Voltage regulation in edge energy router system via H∞ control with Markov jump

With the increase of the amount of tasks offloaded to the network edge, the energy supply of edge devices has become a challenge worthy of attention. It is a feasible way to use renewable energy to supply energy for edge devices, but the production of renewable energy has certain uncertainty and stochasticity. In order to provide sufficient energy to ensure the stable operation of edge devices, energy Internet (EI) provides an idea, that is, different edge devices are connected with distributed small energy supply and storage systems. As the core equipment of energy Internet, energy router (ER) plays an important role in information transmission, energy transmission and system control. In this paper, the concept of edge energy router is proposed, which has the ability of task computing and scheduling similar to edge computing server, as well as the ability of energy transmission and system control of energy router. Each edge energy router is connected with loads, photovoltaic panel (PV), micro turbine (MT) and battery energy storage (BES) to form a self-sufficient microgrid (MG) system.

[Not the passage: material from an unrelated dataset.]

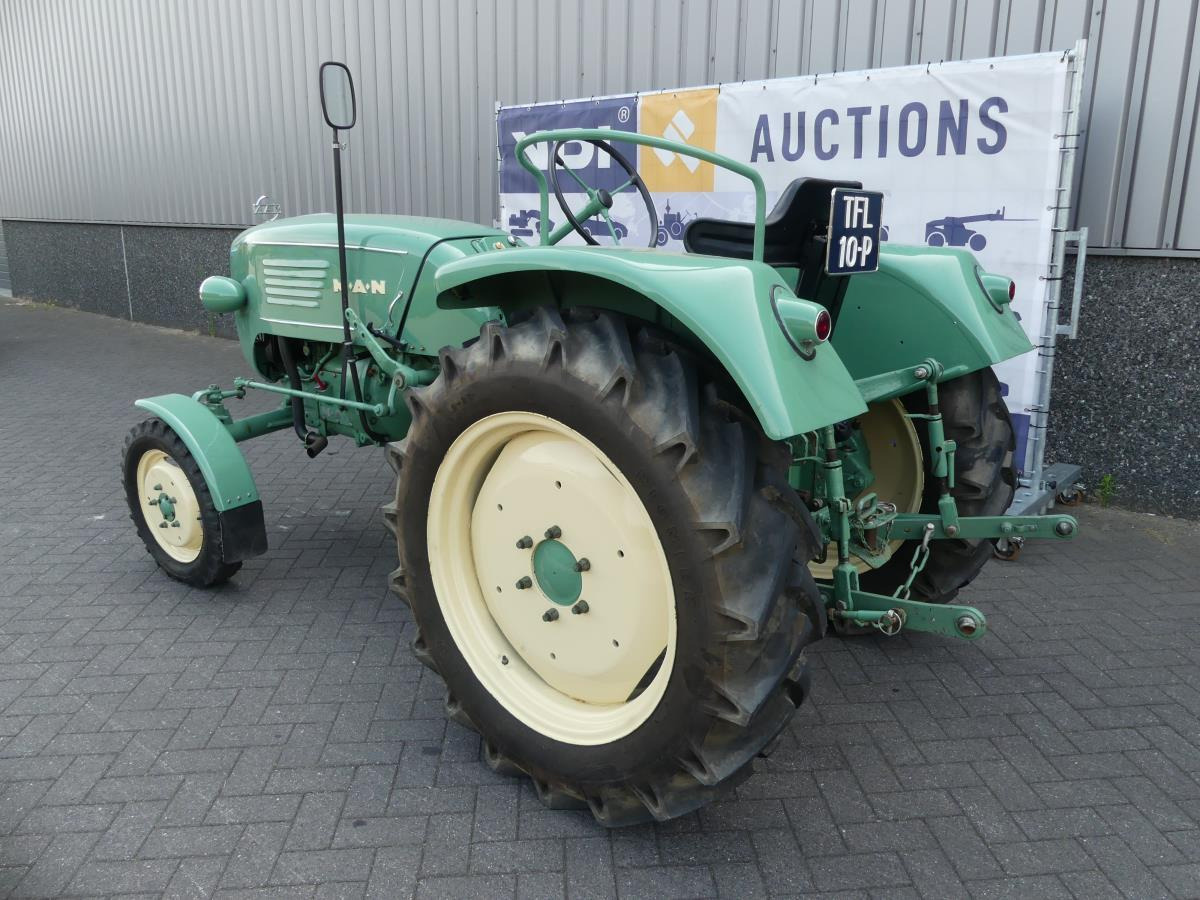 MAN 2K2 - Tracteur agricole: photos 4 MAN 2K2 - Tracteur agricole: photos 4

However, there exists delay in energy transmission and task scheduling between different ERs. Moreover, the DC bus voltage stability of each edge energy router system is negatively affected by internal uncertainty, stochasticity and external interference. Therefore, the system is modeled by Markov jump ODEs with time delay, and the robust control of DC bus voltage deviation is discussed in this paper. The linear matrix inequality (LMI) method is used to solve this markov jump control problem. Finally, numerical simulations show the effectiveness of the proposed method.